## Try it
Below are the records; give again exactly the line with "ChemSpider 2D Image", the line with "Bộ đầu tuýp", and each line that lies between them, and nothing besides.

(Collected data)
+===+

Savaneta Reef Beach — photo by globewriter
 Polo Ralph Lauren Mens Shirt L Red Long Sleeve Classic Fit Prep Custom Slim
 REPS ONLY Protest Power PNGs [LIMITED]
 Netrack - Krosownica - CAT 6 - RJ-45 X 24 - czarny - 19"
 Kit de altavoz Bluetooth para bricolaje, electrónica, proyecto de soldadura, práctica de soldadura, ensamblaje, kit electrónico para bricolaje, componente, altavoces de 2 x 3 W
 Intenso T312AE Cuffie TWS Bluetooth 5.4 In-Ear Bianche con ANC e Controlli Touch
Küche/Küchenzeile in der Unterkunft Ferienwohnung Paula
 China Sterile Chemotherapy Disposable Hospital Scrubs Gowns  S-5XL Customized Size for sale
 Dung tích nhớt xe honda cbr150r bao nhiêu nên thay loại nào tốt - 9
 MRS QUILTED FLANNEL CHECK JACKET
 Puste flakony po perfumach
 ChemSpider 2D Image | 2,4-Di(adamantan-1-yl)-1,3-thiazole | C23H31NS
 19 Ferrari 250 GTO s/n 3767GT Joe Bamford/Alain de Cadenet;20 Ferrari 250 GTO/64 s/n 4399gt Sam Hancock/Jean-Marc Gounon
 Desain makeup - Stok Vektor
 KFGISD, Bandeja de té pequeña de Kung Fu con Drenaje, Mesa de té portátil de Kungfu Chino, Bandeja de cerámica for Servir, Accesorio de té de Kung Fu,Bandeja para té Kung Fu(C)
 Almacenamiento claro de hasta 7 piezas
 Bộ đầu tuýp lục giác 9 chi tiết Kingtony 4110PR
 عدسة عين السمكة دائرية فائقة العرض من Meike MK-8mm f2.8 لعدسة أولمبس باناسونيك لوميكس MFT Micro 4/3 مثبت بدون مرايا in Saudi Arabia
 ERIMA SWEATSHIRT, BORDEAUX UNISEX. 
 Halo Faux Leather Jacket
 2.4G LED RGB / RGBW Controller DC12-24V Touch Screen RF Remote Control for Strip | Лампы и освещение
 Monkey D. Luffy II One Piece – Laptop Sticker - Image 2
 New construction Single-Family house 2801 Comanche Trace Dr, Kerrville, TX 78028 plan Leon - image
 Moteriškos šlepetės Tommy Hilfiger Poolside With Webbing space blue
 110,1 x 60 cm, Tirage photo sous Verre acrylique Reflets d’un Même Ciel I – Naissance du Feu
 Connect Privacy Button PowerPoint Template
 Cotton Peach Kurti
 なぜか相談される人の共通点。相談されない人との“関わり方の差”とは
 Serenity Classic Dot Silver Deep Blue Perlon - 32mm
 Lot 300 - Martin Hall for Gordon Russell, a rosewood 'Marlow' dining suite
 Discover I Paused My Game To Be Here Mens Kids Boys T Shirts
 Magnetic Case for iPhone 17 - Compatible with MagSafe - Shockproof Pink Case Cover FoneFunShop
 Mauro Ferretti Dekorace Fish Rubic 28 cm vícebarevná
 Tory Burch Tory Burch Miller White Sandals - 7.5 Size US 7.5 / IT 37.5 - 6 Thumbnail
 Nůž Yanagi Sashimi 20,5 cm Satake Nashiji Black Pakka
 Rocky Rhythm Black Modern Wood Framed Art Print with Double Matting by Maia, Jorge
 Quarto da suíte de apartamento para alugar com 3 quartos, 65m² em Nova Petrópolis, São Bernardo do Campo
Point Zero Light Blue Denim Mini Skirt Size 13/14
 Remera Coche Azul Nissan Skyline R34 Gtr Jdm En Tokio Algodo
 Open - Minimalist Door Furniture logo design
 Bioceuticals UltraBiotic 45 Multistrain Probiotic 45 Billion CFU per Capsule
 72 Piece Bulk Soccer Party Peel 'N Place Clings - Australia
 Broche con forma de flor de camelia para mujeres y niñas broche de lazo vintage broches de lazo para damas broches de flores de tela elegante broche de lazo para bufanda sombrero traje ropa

+===+

## Written response
 ChemSpider 2D Image | 2,4-Di(adamantan-1-yl)-1,3-thiazole | C23H31NS
 19 Ferrari 250 GTO s/n 3767GT Joe Bamford/Alain de Cadenet;20 Ferrari 250 GTO/64 s/n 4399gt Sam Hancock/Jean-Marc Gounon
 Desain makeup - Stok Vektor
 KFGISD, Bandeja de té pequeña de Kung Fu con Drenaje, Mesa de té portátil de Kungfu Chino, Bandeja de cerámica for Servir, Accesorio de té de Kung Fu,Bandeja para té Kung Fu(C)
 Almacenamiento claro de hasta 7 piezas
 Bộ đầu tuýp lục giác 9 chi tiết Kingtony 4110PR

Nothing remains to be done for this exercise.